Second, we're experimenting with expansion of the line because we think we have a lot to bring to our customers. Believe me, we're pushing our owners with this strategy -- not the other way around. Why? Well, it's not really for profits (I firmly believe that profitability is the derivative benefit of doing great product that inspires customers; when profits become the main goal, bad stuff happens, a lot of bad stuff over time.). No, we're doing it for a few other reasons -- 1) As normal AE-type guys ourselves, we know men like to one-stop shop whenever possible to save time and headaches, and we really understand things they'd like to have -- things that would look good on them without making them look like they're trying too hard to look good. We also understand things that we/they find cool/interesting/fun - like the baseball stadium cufflinks, or the can-openers from MLB used bats, or the same watch as Seal Team Six wore, or a Made in USA leather briefcase or wallet etc. Our position in the market and our access to trade shows puts us in a great position to "discover" things our customers would like. 2) We have 41 stores now, with another 7 coming next year and a top 200 website in terms of traffic and sales. We can offer market access to our partner USA manufacturers that they can't build for themselves and, in the process, help them grow employment in their locations the way our growth has built employment in Port Washington, Wisconsin. 3) We're competitive and action-oriented people on our leadership team and we think building a bigger company with more products that thrill more people would be really energizing and a great legacy to leave. Also, we've hired players to our team for whom this is not the first rodeo in any of aspect of the product expansion. The shoe team is still the same, so the shoe development and production won't change. Nobody is leaving -- to the contrary, they're stepping it up enthusiastically.

Next comments, please.

Paul


----------



## MWhisler (Oct 4, 2008)

I don't mind the expanding variety of products, but I was a bit disappointed when I saw the new Blazers were Imported. I love many of the other products they offer, shoe creams and polishes etc, belts, money clips, shoe trees, and especially the socks, they're quite nice.


----------



## Bartleby. the Scrivener (Oct 19, 2012)

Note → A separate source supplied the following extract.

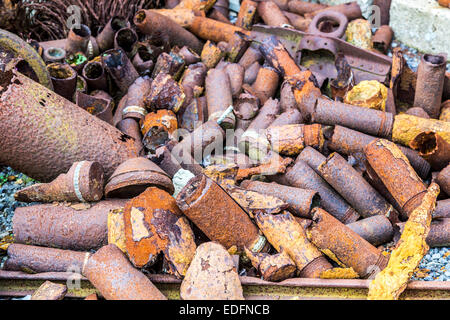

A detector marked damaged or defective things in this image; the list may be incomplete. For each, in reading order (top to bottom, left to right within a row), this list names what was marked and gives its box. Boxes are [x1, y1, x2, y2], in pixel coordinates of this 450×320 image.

I agree with many of the others on the forum and appreciate your gracious input and remarkable candor, Paul. I'm rooting for your success even though I consider myself a skeptic of brand extension generally. This initiative reminds me of a NY Times article that I read recently regarding the inherent tension between quality and profitability in menswear (https://menoftheclothfilm.com/blog/), which concludes that "The only way to make money in the perfectionist craftsperson industry, it seems, is to stop being a perfectionist craftsperson." Given Allen Edmonds' 90-year history of successfully navigating the potential pitfalls of brand dilution not to mention manufacturing quality footwear in the U.S., I only question why start down this path now and to what end? I'll conclude with the quote that resonated the most with me: "I'd like to amplify the few voices who questioned why the goal always has to be exponential growth, endless licensing, branding, etc. What's wrong with making an honest living on a small scale?" For Allen Edmonds, why not simply continue doing what you're doing and do it well?


----------



## dks202 (Jun 20, 2008)

hohne1 said:


> ..... Yes, AE started as a shoe company.....

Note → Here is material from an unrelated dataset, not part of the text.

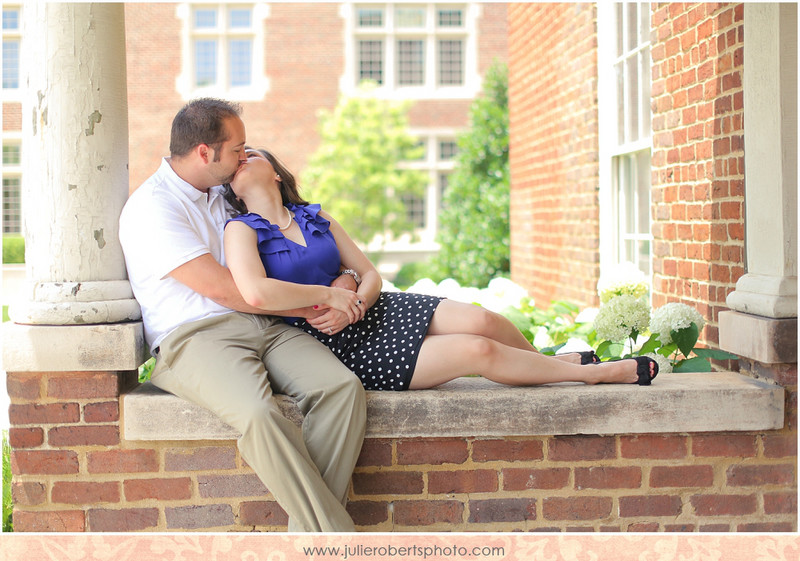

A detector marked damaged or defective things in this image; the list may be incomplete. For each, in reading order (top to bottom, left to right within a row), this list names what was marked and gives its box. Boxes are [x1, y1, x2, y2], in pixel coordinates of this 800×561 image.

So did Nordstrom, give Paul a shot..


----------



## Randy Y (Apr 19, 2012)

@Paul

The only additional thing I've seen you mention that I don't think really trends with the crowd here (perhaps different with the 'average' AE buyer, I don't know) is when you mention that men like to 'one stop shop'. I don't know that much about your average customer, but I'd wager the 'average' AAAC guy is something like this:

1. Has a preferred provider of dress shirts - also may try out other options occasionally as they hear about them. They may also buy their suits through this provider, but there is a high likelihood they do not.
2. Has a (different) preferred place for ties.
3. Has a (different) preferred place for shoes.
4. etc et al

Many of the places I personally buy specifics types of items from sell other items - I rarely purchase them. I will try them out on occasion - and maybe that is your in. Many of us will try your other lines if it's the right quality at the right price. 

For Example:

You have dress shirts for ~$125 on your website. There are many places where, for $100, we can get great quality shirts with custom options. At minimum we get choices as to sleeve length and fit. luxire.com, charles tyrwhitt, and even Brooks Brothers custom shirts are competitive (closer to $125-150 I'd estimate on BB). 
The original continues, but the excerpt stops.